Note: this assign could have been written – perhaps more clearly – with an if and blocking assignments. This style has been chosen to exemplify the replication operation. If this were omitted then ~blank_1 would be zero-extended to 16 bits … which should be detected as an error in the functional tests.
The log file

~/Cadence/COMP32211/xilinx_compile/drawing_top_xilinx_compile.log

This file contains the compilation log, including the error reports. In common with many such tools there are different classes of ‘errors’.

- ERROR: something is wrong which cannot be resolved.
- WARNING: this may be a mistake but it can be ignored.
- INFO: your design may benefit by following this advice.

A very good habit is to check all the error reports to see if something is wrong.
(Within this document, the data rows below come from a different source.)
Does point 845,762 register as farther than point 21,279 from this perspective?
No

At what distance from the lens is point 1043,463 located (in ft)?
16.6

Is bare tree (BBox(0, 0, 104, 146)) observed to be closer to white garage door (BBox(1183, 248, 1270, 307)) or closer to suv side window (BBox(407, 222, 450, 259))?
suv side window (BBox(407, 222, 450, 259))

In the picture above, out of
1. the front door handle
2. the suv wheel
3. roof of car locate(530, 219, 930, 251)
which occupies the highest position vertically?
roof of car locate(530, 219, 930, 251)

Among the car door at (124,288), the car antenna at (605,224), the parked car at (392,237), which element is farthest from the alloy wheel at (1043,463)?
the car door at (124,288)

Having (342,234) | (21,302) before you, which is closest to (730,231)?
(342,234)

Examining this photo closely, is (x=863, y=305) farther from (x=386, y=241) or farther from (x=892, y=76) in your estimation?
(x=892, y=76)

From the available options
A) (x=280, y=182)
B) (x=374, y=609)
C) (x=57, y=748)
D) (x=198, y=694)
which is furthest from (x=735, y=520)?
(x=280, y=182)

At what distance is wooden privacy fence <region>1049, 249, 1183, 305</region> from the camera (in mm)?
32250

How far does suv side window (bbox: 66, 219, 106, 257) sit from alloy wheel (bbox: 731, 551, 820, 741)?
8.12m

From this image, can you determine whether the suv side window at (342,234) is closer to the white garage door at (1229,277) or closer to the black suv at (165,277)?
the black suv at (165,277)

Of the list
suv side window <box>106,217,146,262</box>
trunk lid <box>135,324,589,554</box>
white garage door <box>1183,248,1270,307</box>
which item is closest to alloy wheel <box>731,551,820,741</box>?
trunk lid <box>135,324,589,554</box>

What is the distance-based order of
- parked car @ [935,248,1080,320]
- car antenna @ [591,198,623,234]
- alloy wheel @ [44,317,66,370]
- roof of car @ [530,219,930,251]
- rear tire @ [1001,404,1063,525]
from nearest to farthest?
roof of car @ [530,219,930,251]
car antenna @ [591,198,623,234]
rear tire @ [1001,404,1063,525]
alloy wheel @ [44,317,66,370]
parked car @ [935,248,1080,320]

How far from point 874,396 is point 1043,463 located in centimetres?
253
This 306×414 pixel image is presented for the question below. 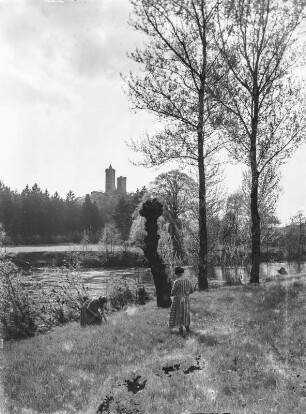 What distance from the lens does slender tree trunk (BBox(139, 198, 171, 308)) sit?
15880 mm

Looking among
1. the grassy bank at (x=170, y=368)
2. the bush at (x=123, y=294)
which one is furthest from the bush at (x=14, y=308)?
the bush at (x=123, y=294)

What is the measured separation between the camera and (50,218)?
4496 inches

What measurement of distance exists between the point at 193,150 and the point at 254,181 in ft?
12.1

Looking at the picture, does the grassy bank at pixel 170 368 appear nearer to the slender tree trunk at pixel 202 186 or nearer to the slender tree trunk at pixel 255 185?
the slender tree trunk at pixel 202 186

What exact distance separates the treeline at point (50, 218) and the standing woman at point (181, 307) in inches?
3174

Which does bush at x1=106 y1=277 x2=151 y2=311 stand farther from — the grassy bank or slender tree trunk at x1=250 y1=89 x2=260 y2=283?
the grassy bank

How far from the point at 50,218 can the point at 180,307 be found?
10817cm

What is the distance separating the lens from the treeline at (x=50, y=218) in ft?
333

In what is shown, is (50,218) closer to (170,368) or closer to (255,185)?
(255,185)

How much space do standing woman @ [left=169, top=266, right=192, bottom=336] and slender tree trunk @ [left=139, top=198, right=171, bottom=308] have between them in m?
4.77

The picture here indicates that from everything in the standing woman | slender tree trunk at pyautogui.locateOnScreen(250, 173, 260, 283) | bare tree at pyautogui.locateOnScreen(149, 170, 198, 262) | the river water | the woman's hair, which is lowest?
the river water

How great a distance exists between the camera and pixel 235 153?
67.6 feet

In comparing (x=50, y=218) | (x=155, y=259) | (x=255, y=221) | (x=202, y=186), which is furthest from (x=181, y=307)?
(x=50, y=218)

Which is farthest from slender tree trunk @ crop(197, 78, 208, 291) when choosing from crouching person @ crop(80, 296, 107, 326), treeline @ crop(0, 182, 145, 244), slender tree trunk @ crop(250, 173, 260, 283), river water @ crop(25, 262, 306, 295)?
treeline @ crop(0, 182, 145, 244)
Some example ‘WARNING’s from the compiler:

- “The signals <…> are missing in the sensitivity list of always block.”
  - Probably an oversight that wants fixing.
- “Delay is ignored for synthesis.”
  - Ignorable; delays were placed for clarity in simulation.
- “Input <…> is never used.”
  - Should it have been?
- “Signal <…> is assigned but never used.”
  - Should it have been?
- “Signal <…> is used but never assigned. Tied to value 0.”
  - Probably an oversight.
- “FF/Latch <…>_0> is unconnected in block <…>”
  - Perhaps a (in this case the least significant) bit in a register was not needed.
- The signal … has no load
  - Likely to be a dangling wire. May have been left for later modification.
- “Found …-bit latch for signal <…>”
  - A transparent latch has been inferred. This is easy to do by mistake; for example incompletely specifying all the ‘case’s in a statement may do this, which is why including a ‘default’ is a good habit.
- “Due to other FF/Latch trimming, FF/Latch <line_address_1> (without init value) has a constant value of 0 in block <drawing_crtc>.”
Some ‘WARNING’s are almost unavoidable in any sizeable design. However beware of ignoring them because something important could be lurking in there. It is a good idea to address them where possible simply to reduce the volume of the output files that need checking.
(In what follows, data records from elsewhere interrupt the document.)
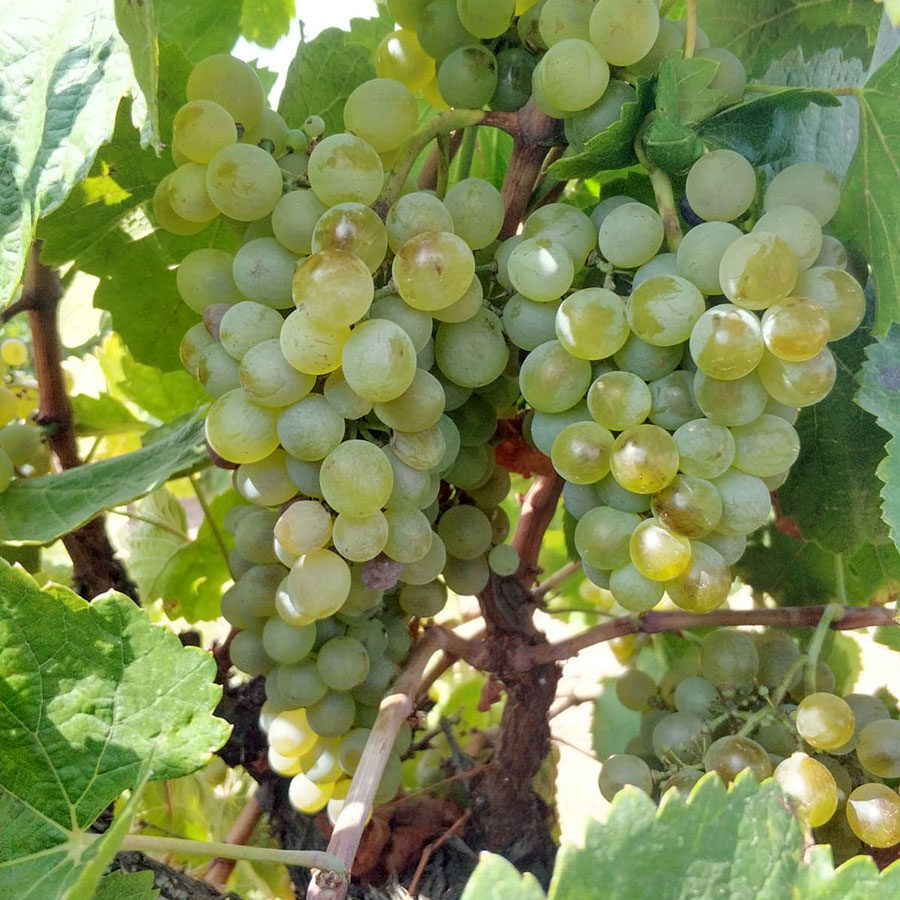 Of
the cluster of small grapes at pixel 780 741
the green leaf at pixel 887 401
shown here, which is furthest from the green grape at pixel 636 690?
the green leaf at pixel 887 401

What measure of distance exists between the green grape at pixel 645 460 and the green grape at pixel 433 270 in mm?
135

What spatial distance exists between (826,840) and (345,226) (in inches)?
22.1

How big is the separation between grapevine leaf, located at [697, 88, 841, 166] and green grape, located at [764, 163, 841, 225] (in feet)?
0.17

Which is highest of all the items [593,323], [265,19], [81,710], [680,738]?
[265,19]

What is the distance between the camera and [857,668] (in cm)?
95

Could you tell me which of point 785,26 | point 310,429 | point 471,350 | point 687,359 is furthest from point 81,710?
point 785,26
Note that the synthesis process will try to strip out any unused logic. Thus if a signal is not connected to any inputs (or a pad) its driving logic can be removed. This may allow further signals to be removed. In the extreme case, if no output signals are connected to pads, the design could have no observable effect and *all* the logic may be optimised away!

The log file also reports on ‘macros’ the structures identified by the synthesizer such as registers, counters, multiplexers, adders, RAMs, ROMs, FSMs … These are succeeded by a report in terms of the FPGA’s primitives – primarily ‘LUT’s and ‘FD’s (Look Up Tables and D-Flip-flops) but maybe block RAMs etc. as well – and a summary of how much of the total resource is required. This information matters most when a design will not fit a device as it can indicate which block(s) may require optimising.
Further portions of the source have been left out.